Q1. Investor psychology indicates investors will form portfolios via which method?

A)   Triangulating.

B)   Pyramiding.

C)   Integrating.

Correct answer is B)         

Pyramiding is the concept applied to investor portfolio formation in which portfolios are created by matching layers of assets to specific goals. Each layer of assets is not particularly evaluated within an overall portfolio context.

Q2. Which of the following statements about appropriate investment planning is TRUE?

A)   Individual investment planning could include the consultation of counsel.

B)   An appropriate investment objective for a typical 23-year-old investor is a low-risk strategy, such as capital preservation.

C)   It is not a good idea to get too specific when constructing an investment policy statement.

Correct answer is A)

Consultation with tax counsel could be recommended for complicated tax situations and an estate counsel for estate issues. A 23-year-old investor should be more concerned about capital appreciation, not preservation. Investment policy statements are more useful the more specific they are.

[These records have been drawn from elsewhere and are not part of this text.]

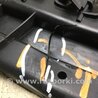 ФОТО Дифузор вентилятора основного радіатора для Mazda 3 BL (2009-2013) (II) Киев
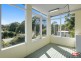 59 Austin Street, Wynyard TAS 7325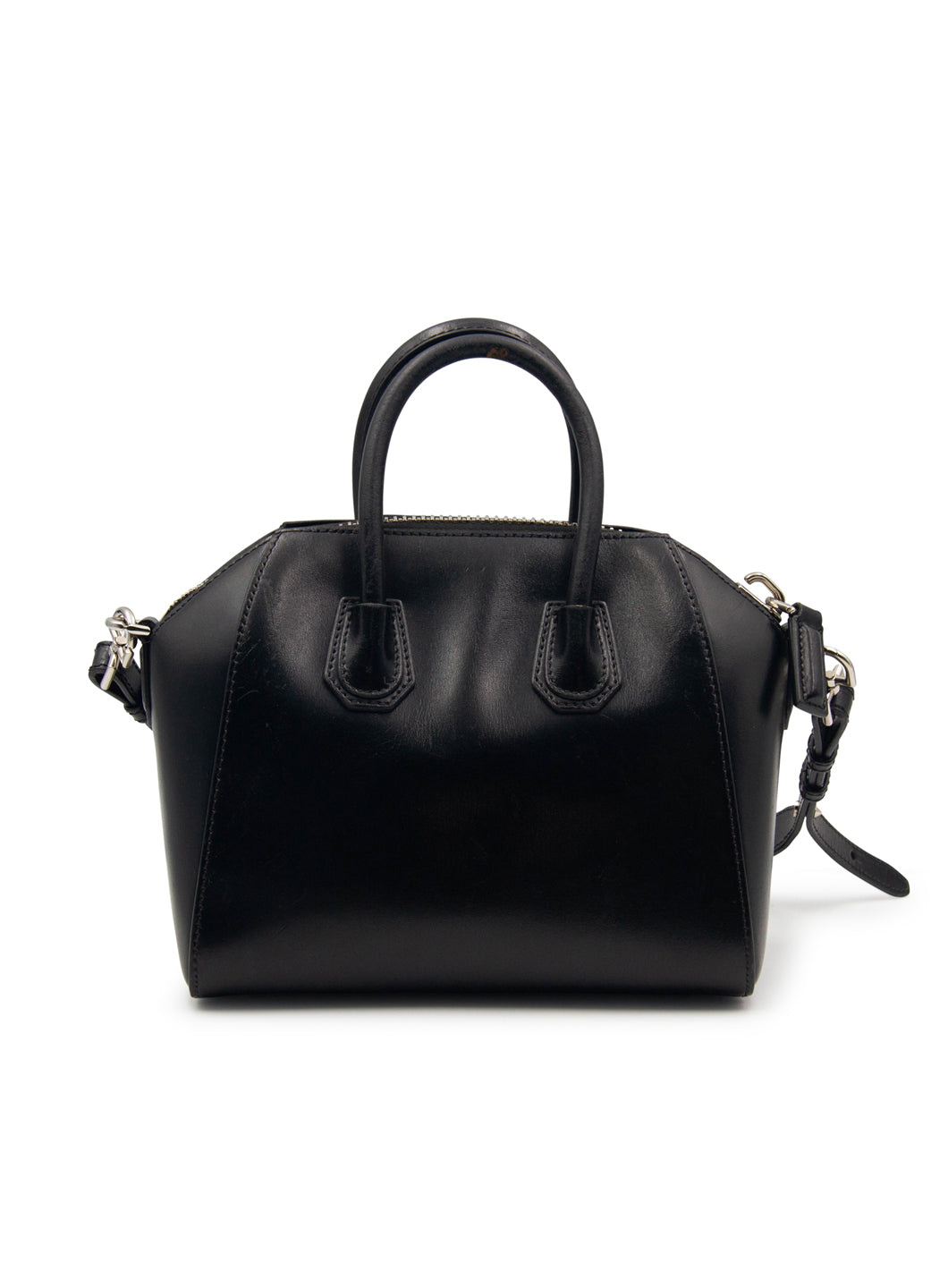 TVBBBCP15210LSW_Black_2.png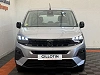Peugeot Rifter 1.5 BLUEHDI 100 S&S Taille M ALLURE thumbnail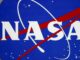 Descubra la magia de trabajar en la NASA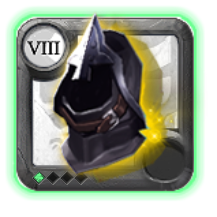 T8_HEAD_LEATHER_MORGANA@1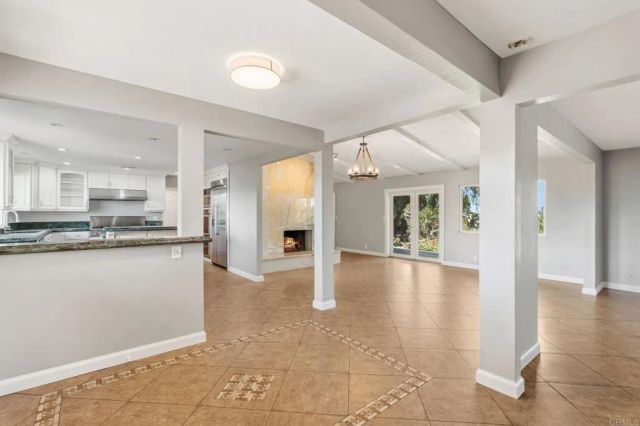20063 Elfin Forest Lane, Escondido, CA 92029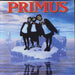 Primus Tales From The Punchbowl US 2-LP vinyl record set (Double LP Album) 92553-1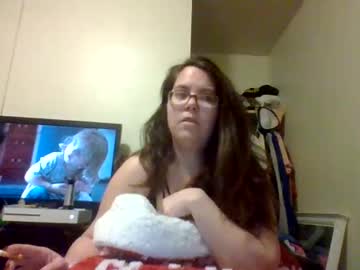 Laciestar95 December 18, 2024 Chaturbate stream image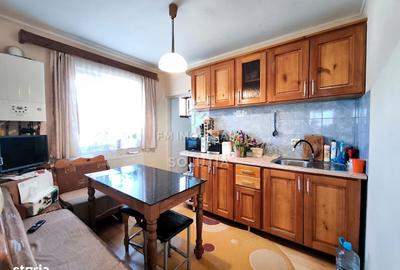 Casă cu 3 camere cu Teren 807 Mp în Central - 14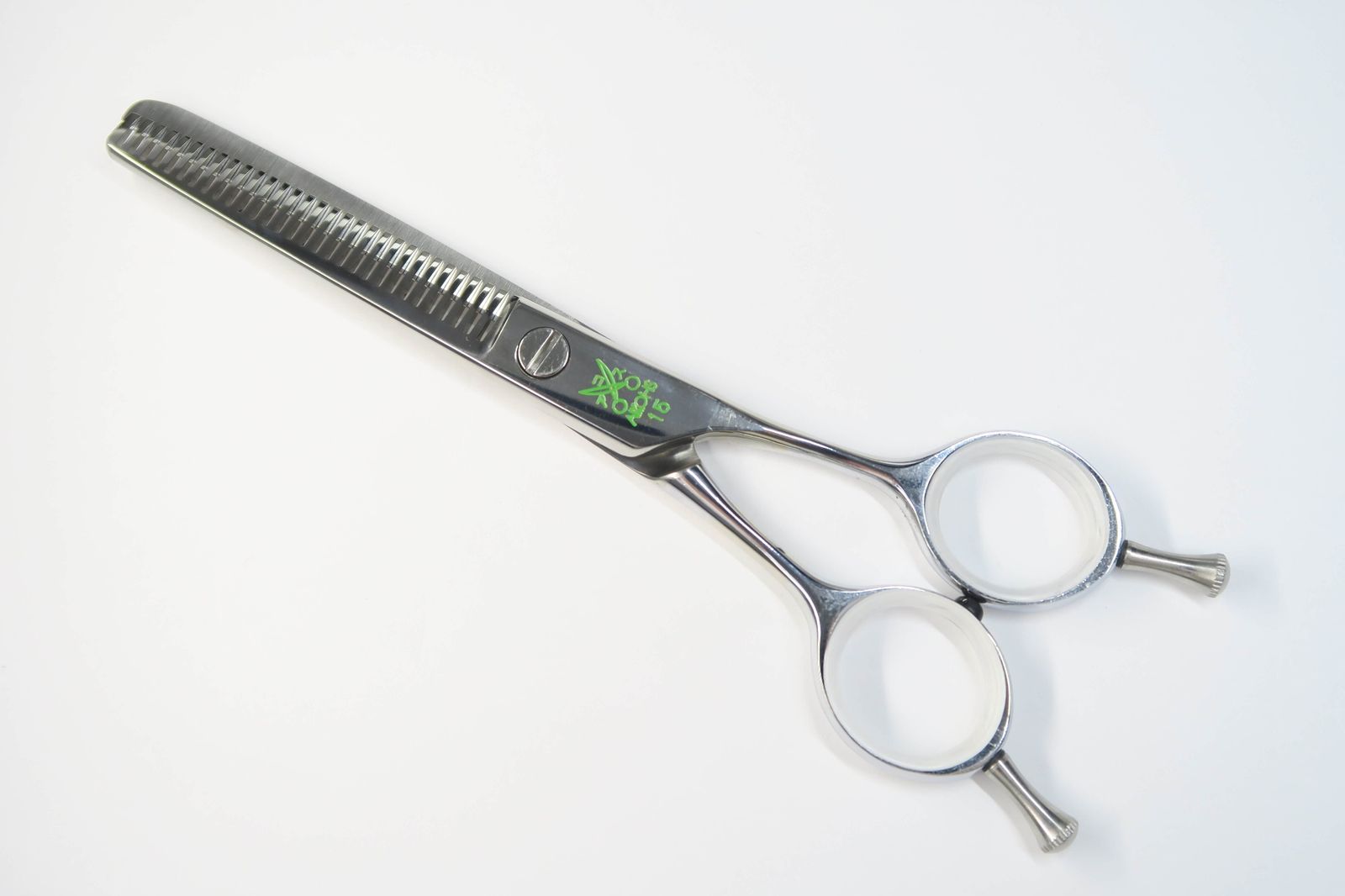 ショップ potemasute あみぐるみ 卯様お取り置き商品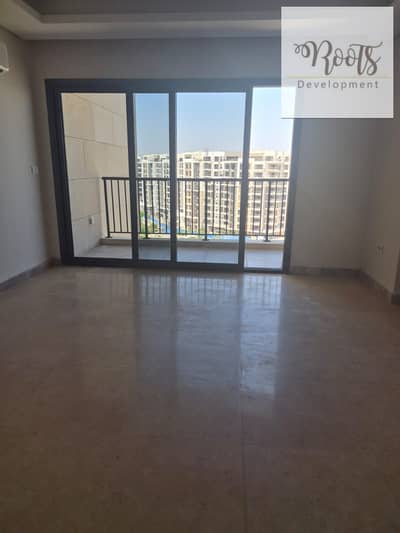 For Sale: Fully Finished Studio, with ACs in Zed West - Sheikh Zayed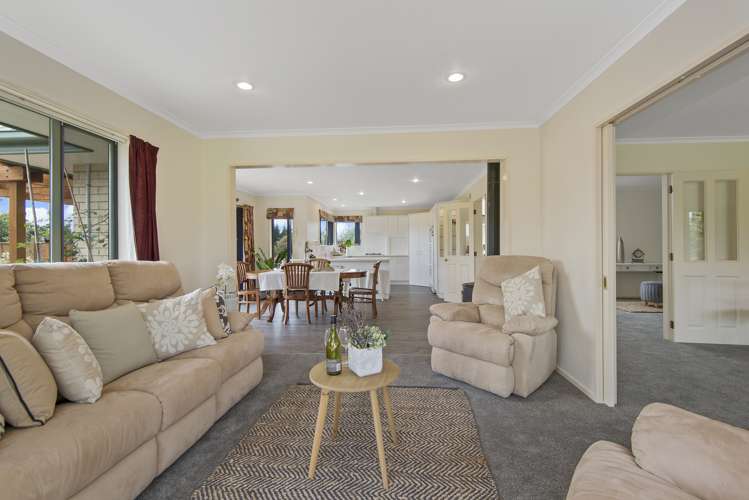 51 Boundary Road Ashley_3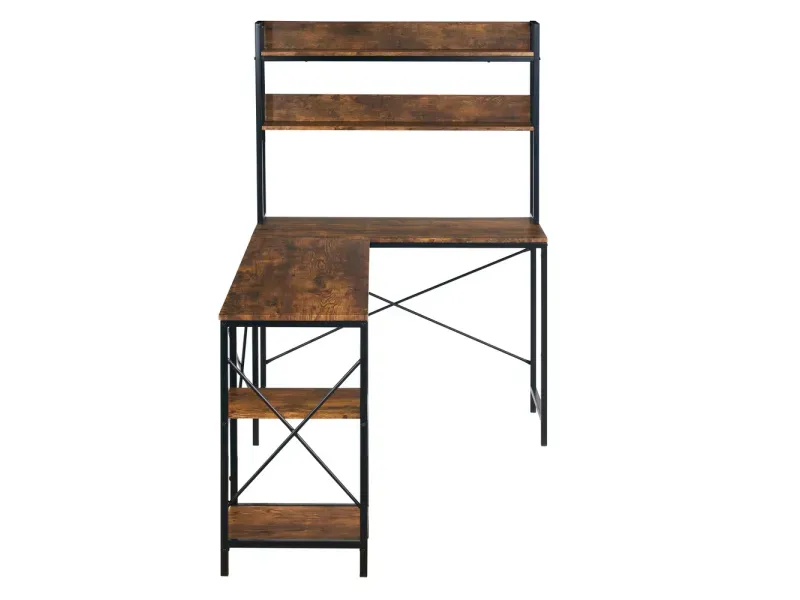 000000000075381773-UN-02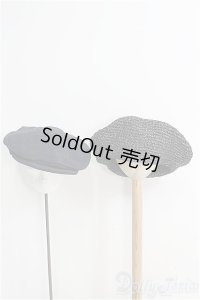 ネオブライス/OF ディーラー製頭物 I-25-02-09-2077-TO-ZI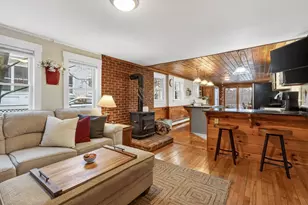 428 Main St, Sanford, ME 04083 - Photo 14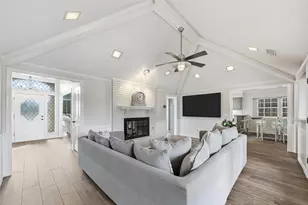 3317 Sandy Trail Ln, Plano, TX 75023 - Photo 19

Q3. Behavioral finance models of asset pricing take into account economic considerations and add:

A)   personal preferences.

B)   individual selections.

C)   security specific characteristics.

Correct answer is A)

In a world that accounts for behavioral factors, personal preferences are added to asset pricing models. Not only do basic economic relationships impact security prices but so do personal preferences. Investors’ likes and dislikes enter the pricing function.

Q4. Investor behavior and psychology allow classification according to risk preferences. The particular technique associated with this classification exercise is termed personality:

A)   assessing.

B)   testing.

C)   typing.

Correct answer is C)

The particular technique is termed personality typing. Personality typing is an attempt to help both the investor and manager get a better understanding of an investor’s risk tolerance characteristics. Although no classification can accurately describe all investors, personality typing does give an indication to risk tolerance.